The SEC announced yesterday that AT&T (NYSE: T) will pay a fine of $6 million as a result of what it found to be assorted stock trading violations, according to Bloomberg. The agency alleged that private calls were made to stock analysts at about 20 firms by three unnamed executives. The information allegedly disclosed by the carrier included internal sales data and how it might impact the company’s revenue. The intent, according to the SEC, was to get the analysts to reduce their revenue forecasts and help the company avoid missing previously stated projections. In doing so, it violated Regulation FD — or fair disclosure.
AT&T does not admit or deny the agency’s allegations under a settlement proposal filed Friday by government lawyers with a federal judge in Manhattan.

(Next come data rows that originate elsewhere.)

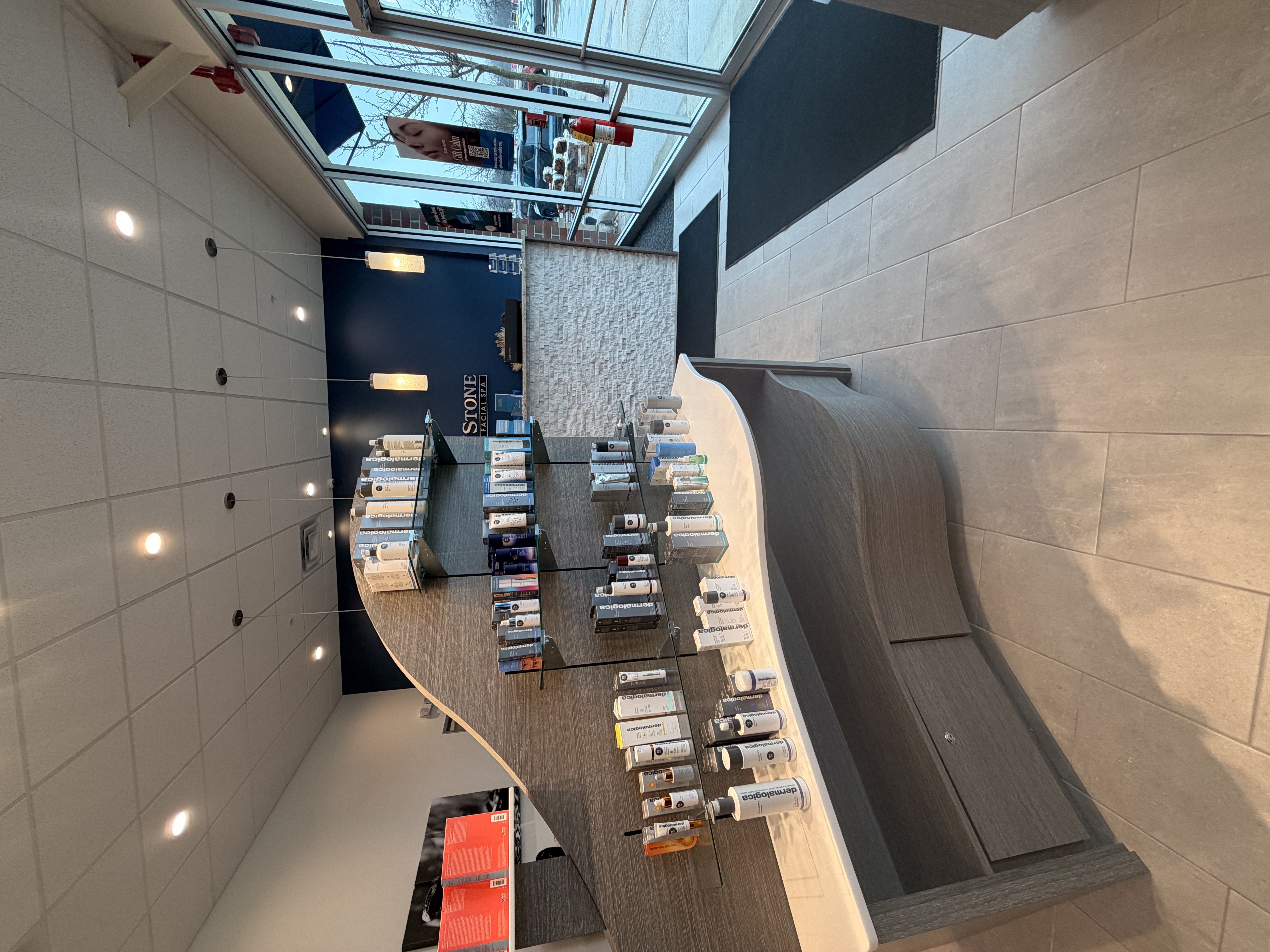 Curved retail display unit with glass shelves holding Dermalogica and skincare products. Gray wood-grain base with white countertop. Stacked stone wall and navy blue accent wall with Hand & Stone signage. Skylight windows provide natural illumination.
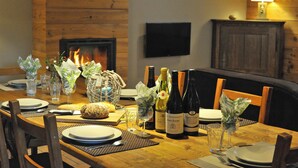 Une table à manger dressée avec des assiettes, des couverts, des bouteilles de vin et des verres, avec une cheminée en arrière-plan.
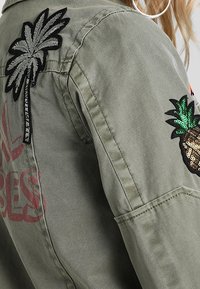 Oliivinvihreä takki, jossa on brodeerattu palmu ja kimalteleva ananas -pätkä. Kangas on sileä, näkyvillä saumoilla ja rento leikkaus.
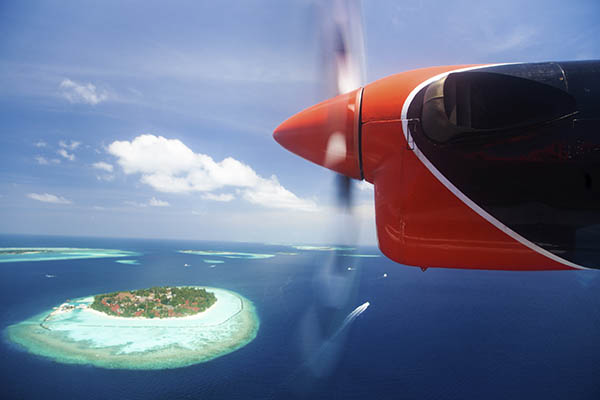 Seaplane flight over an island in the Maldives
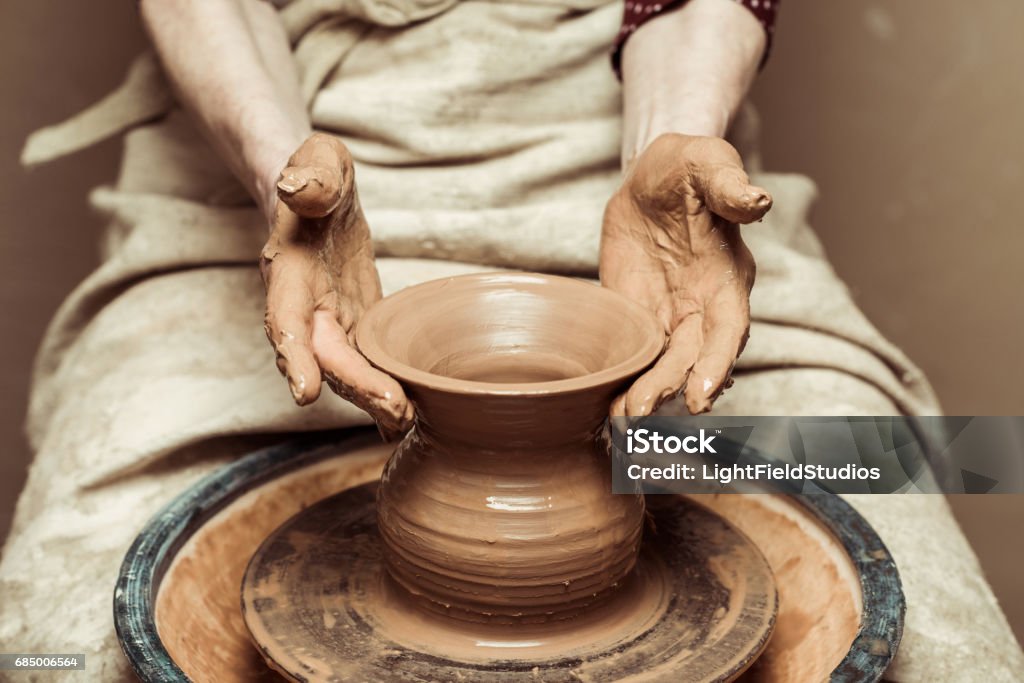 Close up of female hands working on potters wheel Pottery Stock Photo
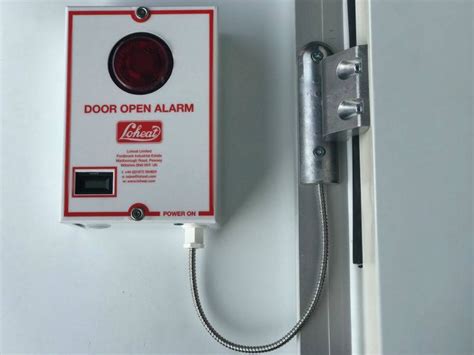 Alarm System For Door Opening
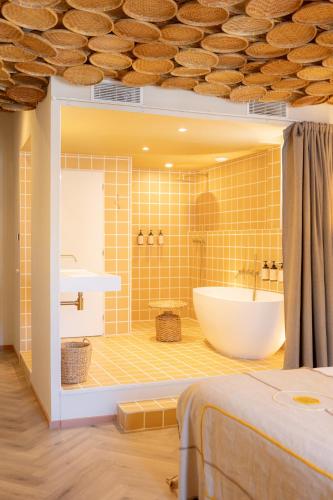 a bathroom with a tub and a sink at Hotel M Soleil - Montpellier Centre Saint Roch in Montpellier
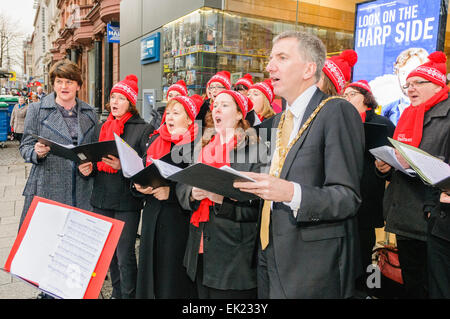 Belfast, Irlande du Nord. 12 Dec 2013 - Le ministre de l'Industrie et du Commerce, Arlene Foster, et Lord Maire de Belfast, Máirtín ó Muilleoir, chanter des chants de Noël à l'extérieur de la nouvelle £1.82M Belfast Welcome Center, un centre d'information touristique pour les visiteurs de Belfast et l'Irlande du Nord. Banque D'Images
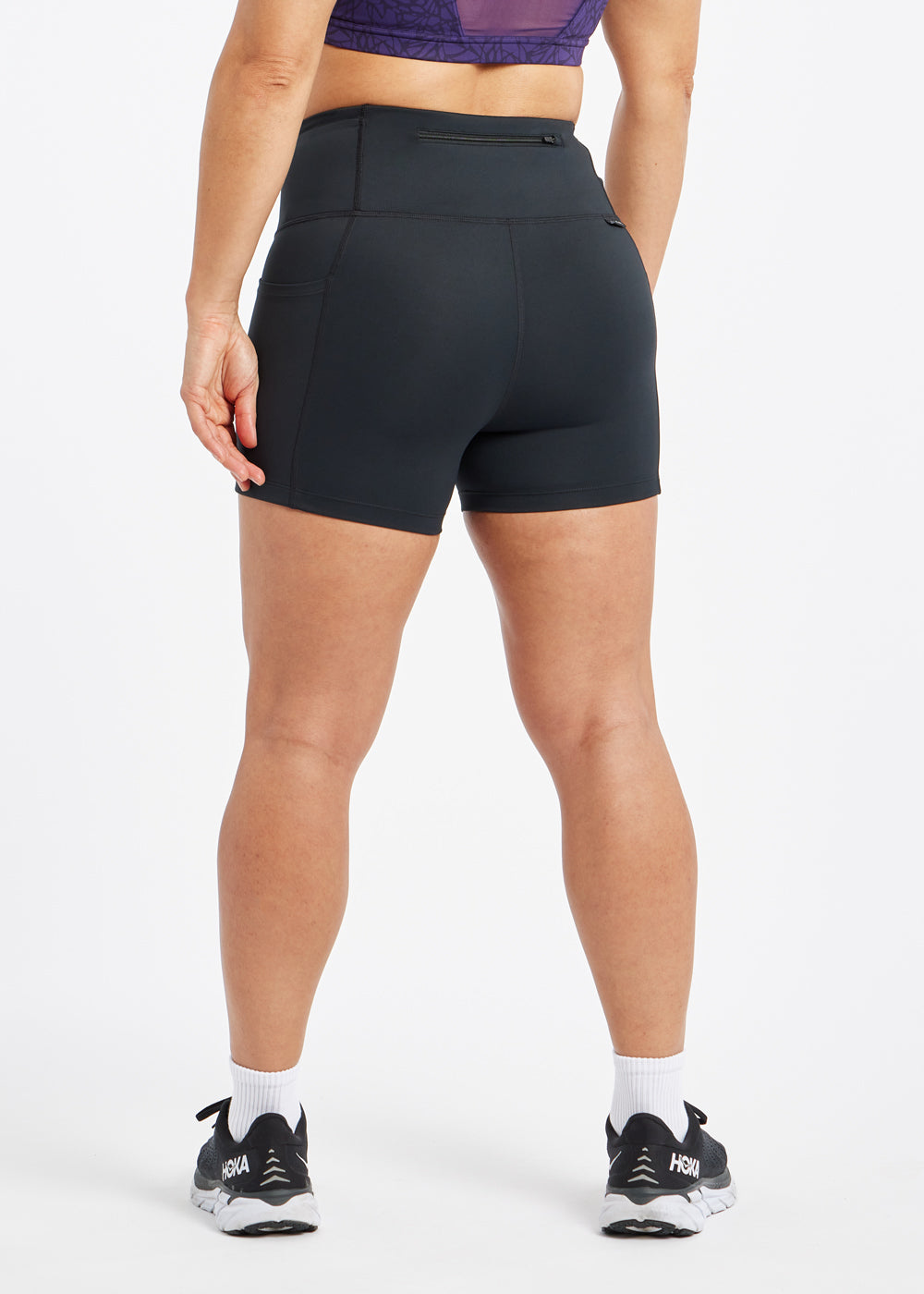 Woman wearing black compression shorts in size 6, back view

The three executives will pay a $25,000 per person fine without admitting to any wrongdoing.
“We are committed to following all applicable laws and pleased to have resolution with the SEC,” Jim Greer, a company spokesman, said in an email to Bloomberg.
Dennis Kelleher, president and chief executive officer of Better Markets, a nonprofit watchdog group, applauded the action and added: “But mere money penalties are too light to stop this widespread corporate practice of market manipulation by selectively disclosing material nonpublic information to handpicked firms, giving them a unique trading advantage to rip off unsuspecting investors.”